# Webcam on MacBook Pro



## ImissBubbles

How do I use it in chatting [such as AIM and MSN]??

Ive figured out video chat and everything, but does it work as just a plain webcam?


----------



## g4m3rof1337

So you're wondering if you can use your built-in camera as a webcam, while [using?] AIM/MSN, with someone using the same client? If so, that may work, if you're in iChat and/or Adium, attempting to webcam with someone using AIM/MSN, there may be a compatibility issue.

Or are you wanting to record yourself in the webcam?


----------



## ImissBubbles

I want to be able to use the built-in camera as a plain-old webcam. 

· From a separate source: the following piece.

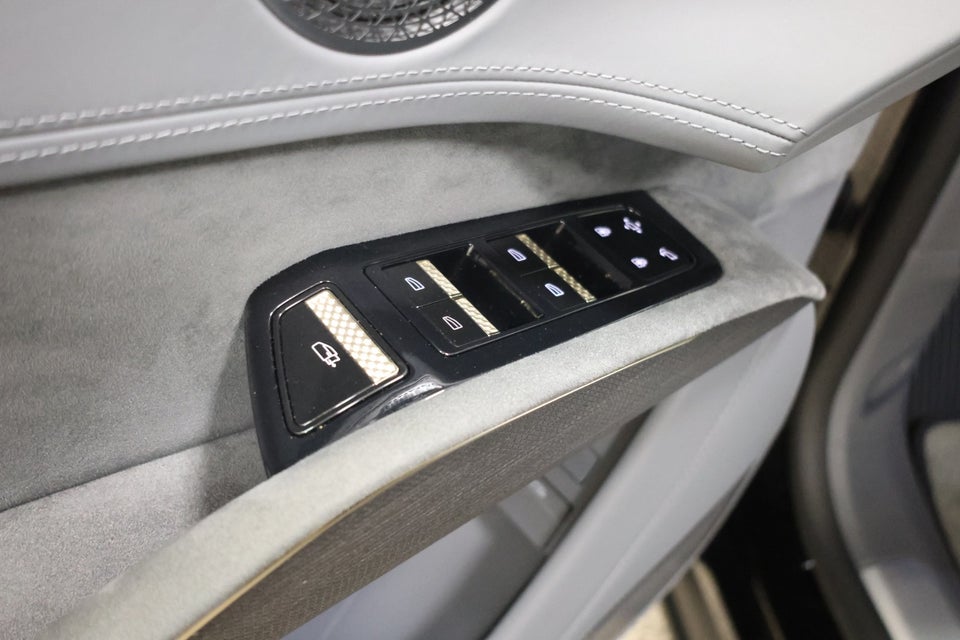 Lotus Eletre 5d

  I've searched all over the internet looking for a way to do it, but either it's not do-able and Im just too stubborn to admit it, or it works and I'm just too dumb to figure it out


----------



## g4m3rof1337

Well, what do you mean by webcam? What are you trying to do?


----------



## ImissBubbles

All I want to do is have it work as a normal webcam that one would buy in the store.  Just have it show video while chatting on MSN, AIM, etc (NOT iChat).


----------



## g4m3rof1337

It should work.. I think it worked for me when I used my MacBook.. Are you receiving any error messages when trying to do this?


----------



## PabloTeK

Currently Messenger for Mac (version 7) doesn't support video and audio feeds; there is Mercury messenger for that or you could boot camp with Windows!


----------



## speedyink

...So with your Mac your forced to use ichat?  Typical Apple..


----------